'You Are The Rain' EP by Euan BlackmanReview
Like all good part works, Euan Blackman has been allowing you to build your collection of his debut EP ‘You Are The Rain' if not by stealth, then at least in instalments so that you can savour each song to the full & without distraction from its siblings before exposing your ears & psyche to the complete artefact.
Thus component tracks "Bad Things", "Busy Doing Nothing", and "Everybody Lets You Down" should already be on your musical radar: they certainly are on ours & you can revisit our reviews on them elsewhere in the magazine.
On the release today of the full EP, therefore, there is only the hitherto unshared & unreviewed song "Cherry Stone" which will be as less familiar to you as it was to us.
With its very Stone Bear themed title, the track also features guest vocalist Ben Stafford on a slightly baroque folk sounding piece which while relatively traditional in melody (arguably the most so on the whole record), is totally contemporary in terms of lyrics. With its talk of hearing "sirens ring outside my door" it's all rather urban in tone (the impact of living currently in Liverpool presumably had its effect here.
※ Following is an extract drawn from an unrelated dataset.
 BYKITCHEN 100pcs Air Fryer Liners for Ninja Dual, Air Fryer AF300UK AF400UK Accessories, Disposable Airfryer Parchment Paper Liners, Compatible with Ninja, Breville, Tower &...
However the message tends to the optimistic (again perhaps more so than its companions) and seems to be about transcending the harshness of the environment into something more metaphysically uplifting.
Euan emphasises the work which he put into the EP to make it "a cohesive body of work" & taken as a quartet, the elements do work together well: in fact given the relative downbeat quality of the first three singles, "Cherry Stone" does work as both a corrective & complement: possibly too as the culmination of an emotional journey.
It's a quiet, wistful, contemplative EP which emerges, phoenix like, in this last song from its previous melancholia: but which at least allows us to savour the general simplicity of arrangements which favour the voices, words & elegant playing of the often stark instrumentation (in sit well with the determinedly lo-fi & obscurantist artwork throughout). If, as seems likely, it's the record of some emotional process Euan's been through, then it comes across as an effective articulation: sincere & maybe even solemn in that sincerity, but without doubt steeped in authenticity of composition & performance.
Tellingly, he describes creating it as "..the best moment of my music career thus far.." and hopes that the songs will "..find a way into your life..", suggesting that however personal they may have been to him in writing them, he believes that they will find parallels in our own experiences.